Vous me croirez ou non, mais ce soir je suis allé à un concert de musique contemporaine.
Ensemble Sillages
Direction artistique Philippe Arrii-Blachette
Sophie Deshayes, flûte
Jean-Marc Fessard, clarinette
Vincent Leterme, piano
Lyonel Schmit, violon
Alexandra Greffin-Klein, violon
Marie Ythier, violoncelle
Gilles Deliège, alto
Didier Meu, contrebasse
Hélène Colombotti, percussions
Julien Leroy, direction musicale
Béla Bartók_
Contrastes pour violon, clarinette et piano (1938)
J'avais envie de rire devant la frénésie des musiciens et je repensais aux choses drôles de ma journée. Puis ils ont entamé un nouveau mouvement et je me suis dit que ce serait bien s'ils jouaient une symphonie de Mahler, mais apparemment ils n'étaient pas assez nombreux. Ensuite je me suis retrouvé à New-York en 1940, lieu et date de création de l'œuvre et c'était bien dans l'époque, je l'ai fortement senti. Ça m'a fait penser aux propos de Harnoncourt sur la musique et son époque. Je me demandais pendant ce concert : comment comprendre la musique ?
Pierre Boulez_
Dérive 1 pour flûte, clarinette, vibraphone, piano, violon, violoncelle (1984)

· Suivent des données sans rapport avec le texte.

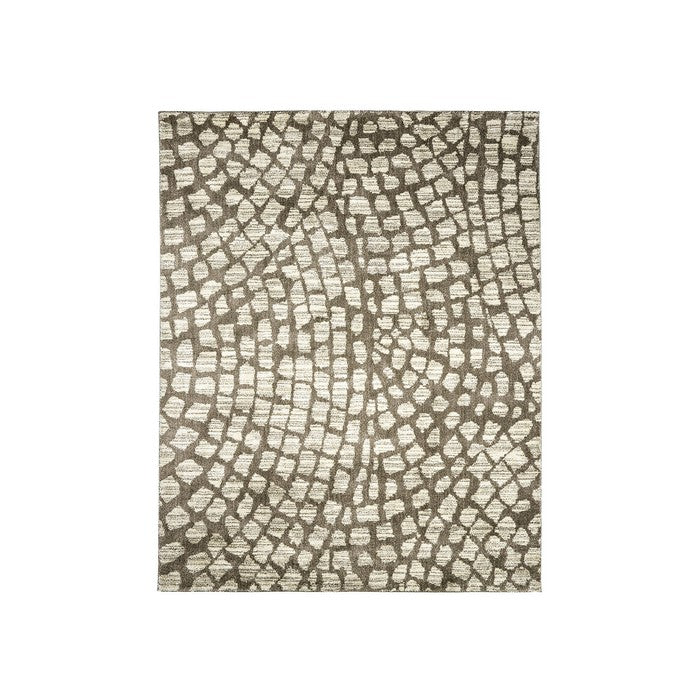 Contemporary Area Rug In Recycled Polyester & Latex Backing, Beige & Gray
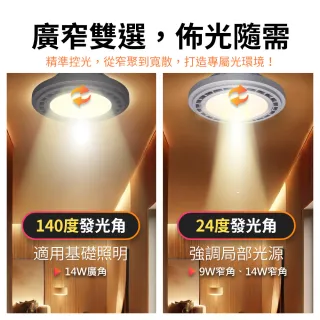 【DanceLight 舞光】4入組LED 14W 24度窄角投射燈泡  AR111盒燈 黑框/銀框(白光/自然光/黃光)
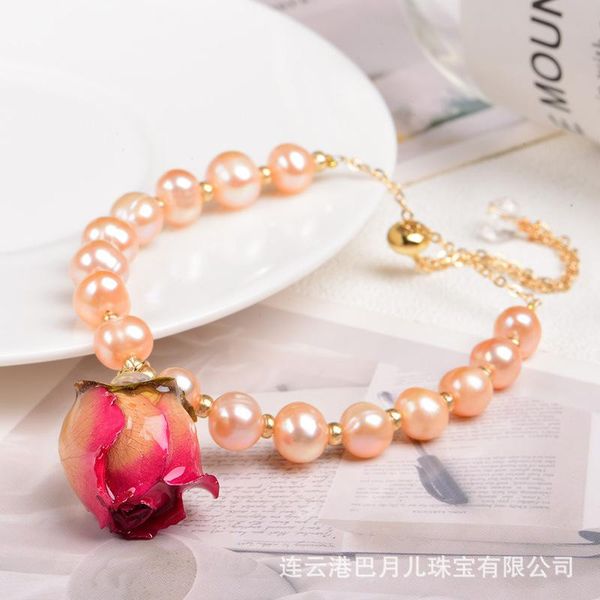 

beaded, strands natural champagne pearls with rose bracelets fashion ins hand accessories wholesale charm bracelet, Black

Quelle harmonie ! C'est ondoyant, chatoyant, propice à la dérive de l'esprit dans l'imaginaire. À chaque fois que j'entends du Boulez, j'aime beaucoup... sauf en MP3... Boulez en MP3 c'est rien que du bruit... mais en lossless ce doit être du bon son et alors, en concert, c'est vraiment de la musique, je veux dire : du bonheur.
Gabriel Erkoreka_
Pyrite, Étude pour vibraphone solo (2013)
D'abord cet instrument n'est pas fait pour me convaincre, vu la monotonie des timbres. Et puis les notes se sont accélérées et la musicienne nous a tenu en respect grâce à sa virtuosité, et je suis devenu plus attentif, pour découvrir le potentiel hypnotisant de cette pièce, qui m'a captivé. D'ailleurs, un toussotement suffit pour rebattre les cartes. Alors le réveil offre une nouvelle contemplation. Belle performance, sorte d'éveil musical.
José Manuel López López_
Materia Oscurapour clarinette basse, piano, 2 violons, alto, violoncelle, contrebasse (2013)
Après l'apéritif jazzy, l'entrée de Boulez, le plat de vibraphone, voici le dessert, qui commence comme une tarte à la crème. Les musiciens produisent un raffut qui me fait rire. Dans cette œuvre, le compositeur veut évoquer le cosmos. Et c'est génialement réussi... Soudain, les cordes crissent en écho, se multiplient, comme dans
Bohemian Raphsody ou la
Messe en si. J'admire... J'ai cru ensuite reconnaître une citation de Messiaen, la
Turangalîla Symphonie, avec le bruit des étoiles et même l'imitation des ondes Martenot. Les musiciens sortent vraiment de leurs instruments des sons inouïs. Plus tard, on a sans doute atterri sur une planète où il y a des animaux, comme des éléphants, entre autres. Les sons sont parfois très évocateurs de l'espace et des astres, d'autres fois m'ont semblé laisser davantage prise à l'imagination. Cette œuvre est très très virtuose et très impressionnante. Elle m'a littéralement enthousiasmé. C'est une superproduction sonore pour une petite formation, en quelque sorte.
On est à des années-lumière de Boulez à mon avis, c'est de l'anti-Boulez je dirais.
Philippe Leroux_
AAA, pour flûte, clarinette, percussion, piano, violon, alto, violoncelle (1995-1996)
Après un départ prometteur (qui serait en fait une citation de La Poule de Rameau), je crois que cette pièce a souffert de refermer le concert après
Materia Oscura, les intervertir aurait peut-être mieux valu au programme. C'est plus classique, avec beaucoup de richesse sonore, un certain hédonisme même, des beautés, et quelques longueurs si je puis me permettre. C'est appréciable pour moi sur ce plan-là, mais pas en tant que connaisseur. J'en reviens à la question de la compréhension, qui m'a fait le plus défaut ici.
Boulez et López López ont ma préférence dans ce très beau concert. J'y ai franchement pris autant, sinon, plus de plaisir qu'à un concert baroque/classique, dont j'attends plus, finalement. Mais il y a plus de temps à rattraper, tandis que le contemporain, c'est le nôtre.